◆ **DESCRIPTION OF THE TASK**: Reproduce every entry that follows word for word, but omit the images.

BEGIN

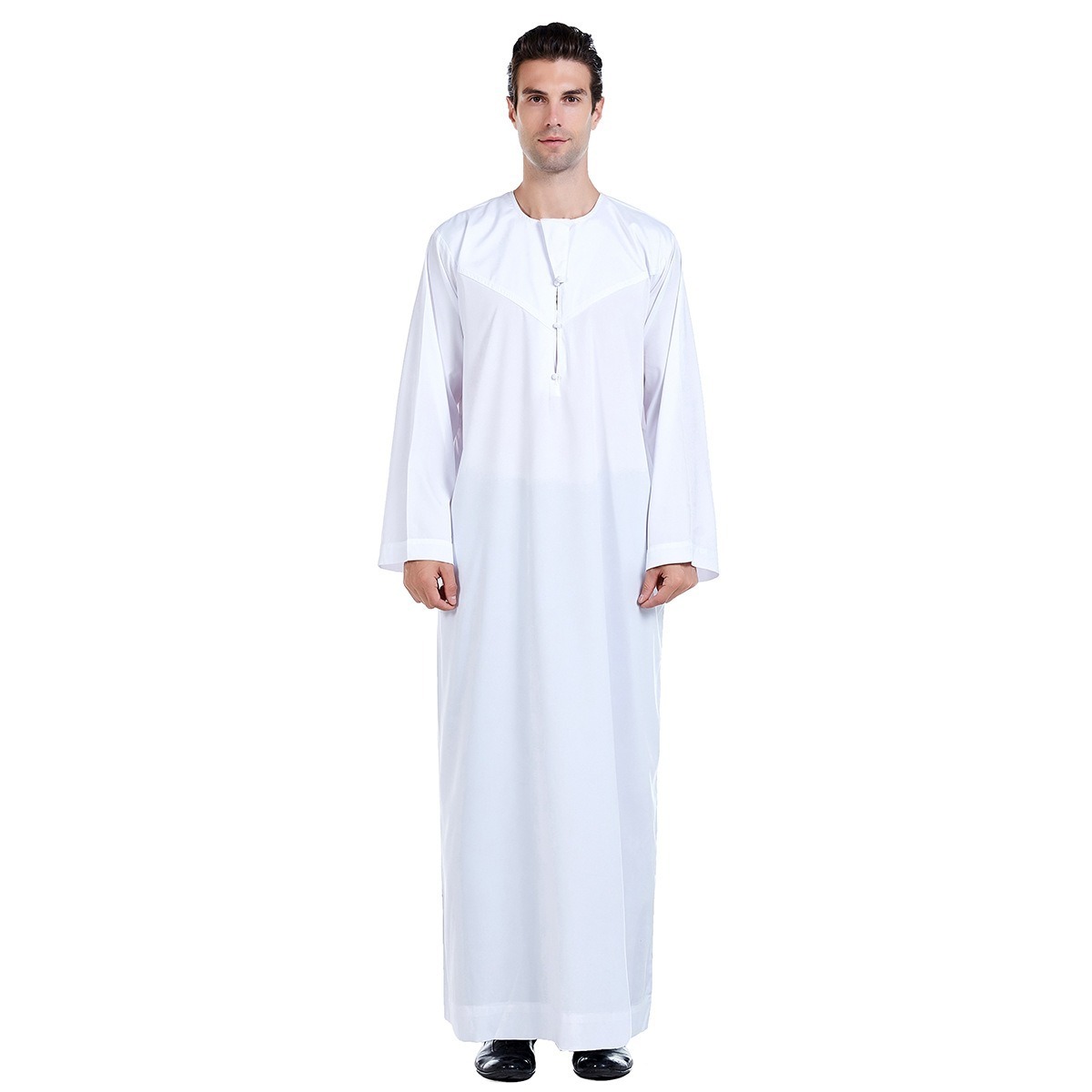 New Arrival Hot Selling Islamic Man Thobes White Cotton Blend Muslim Men Thobe Front Button Neck Long Al Daffah Robe M0046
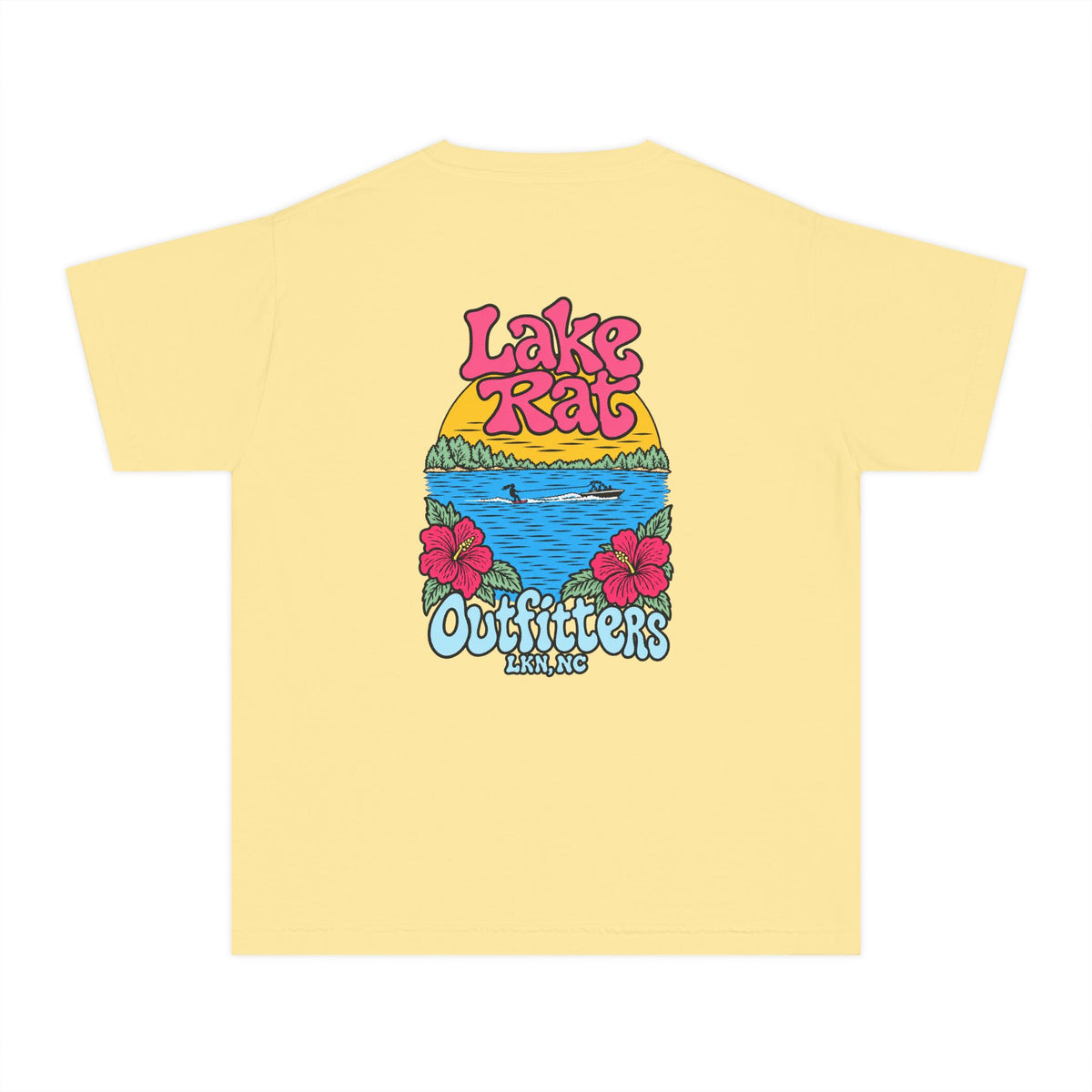 Lake Rat Outfitters Youth Tee — Retro Floral Lake Graphic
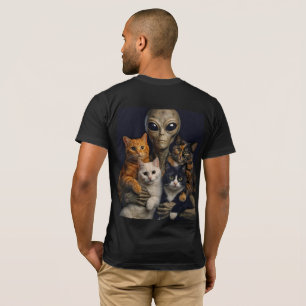Funny Alien with Cats Renaissance Art T-Shirt
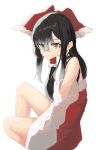  1girl absurdres bangs black_hair bow closed_mouth commentary_request cookie_(touhou) detached_sleeves dress expressionless eyes_visible_through_hair feet_out_of_frame frilled_bow frilled_tube_top frills gradient_hair grey_hair hair_between_eyes hair_bow hakurei_reimu highres long_hair looking_at_viewer multicolored_hair red_bow red_dress simple_background sleeveless sleeveless_dress solo touhou white_background white_sleeves whiterolo yellow_eyes yuyusu_(cookie) 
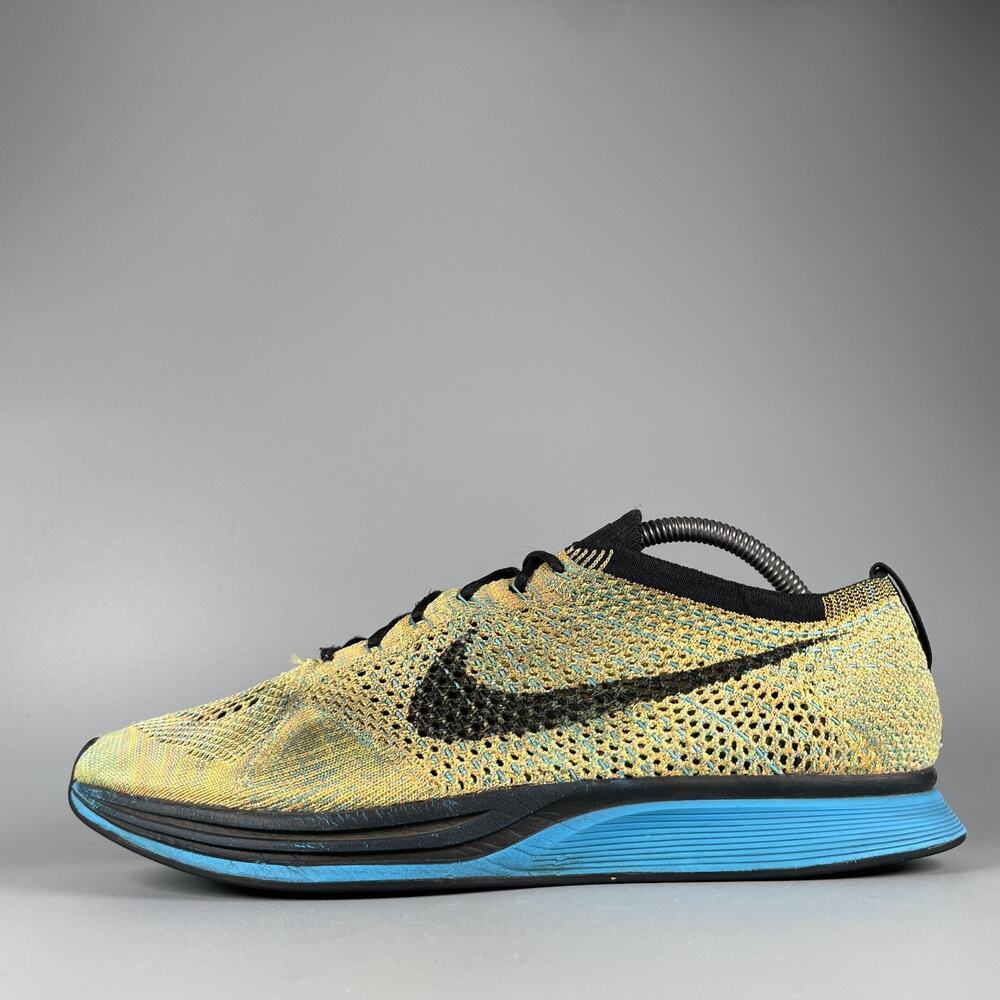 Nike Flyknit Racer Men's Size 11 Sherbet Citrus Blue Lagoon Running Sneakers GUC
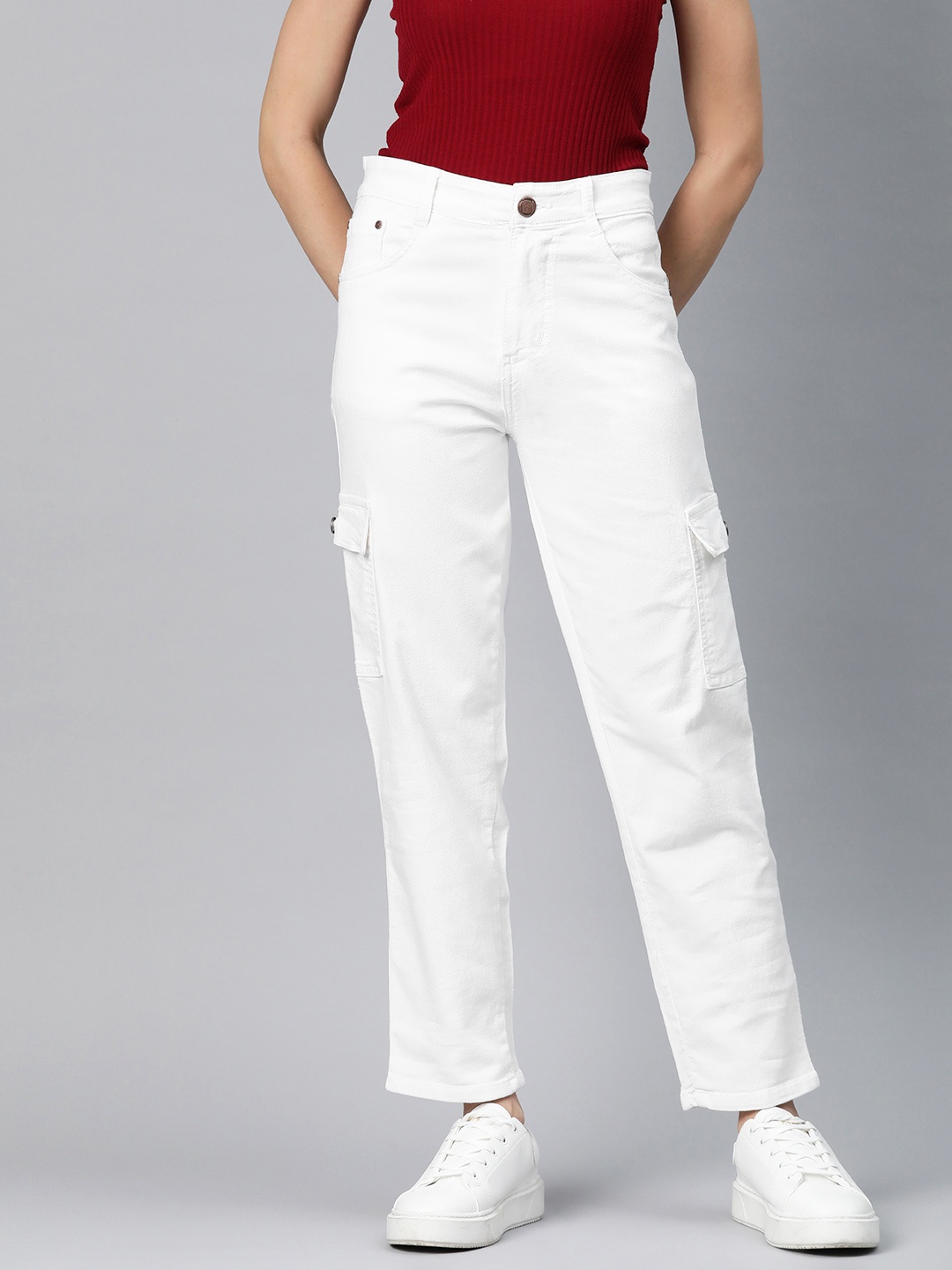 

ADBUCKS Women Straight Fit High-Rise Stretchable Jeans, White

END

◆ **SOLVED EXERCISE**:
 New Arrival Hot Selling Islamic Man Thobes White Cotton Blend Muslim Men Thobe Front Button Neck Long Al Daffah Robe M0046
 Lake Rat Outfitters Youth Tee — Retro Floral Lake Graphic
Funny Alien with Cats Renaissance Art T-Shirt
  1girl absurdres bangs black_hair bow closed_mouth commentary_request cookie_(touhou) detached_sleeves dress expressionless eyes_visible_through_hair feet_out_of_frame frilled_bow frilled_tube_top frills gradient_hair grey_hair hair_between_eyes hair_bow hakurei_reimu highres long_hair looking_at_viewer multicolored_hair red_bow red_dress simple_background sleeveless sleeveless_dress solo touhou white_background white_sleeves whiterolo yellow_eyes yuyusu_(cookie) 
 Nike Flyknit Racer Men's Size 11 Sherbet Citrus Blue Lagoon Running Sneakers GUC

ADBUCKS Women Straight Fit High-Rise Stretchable Jeans, White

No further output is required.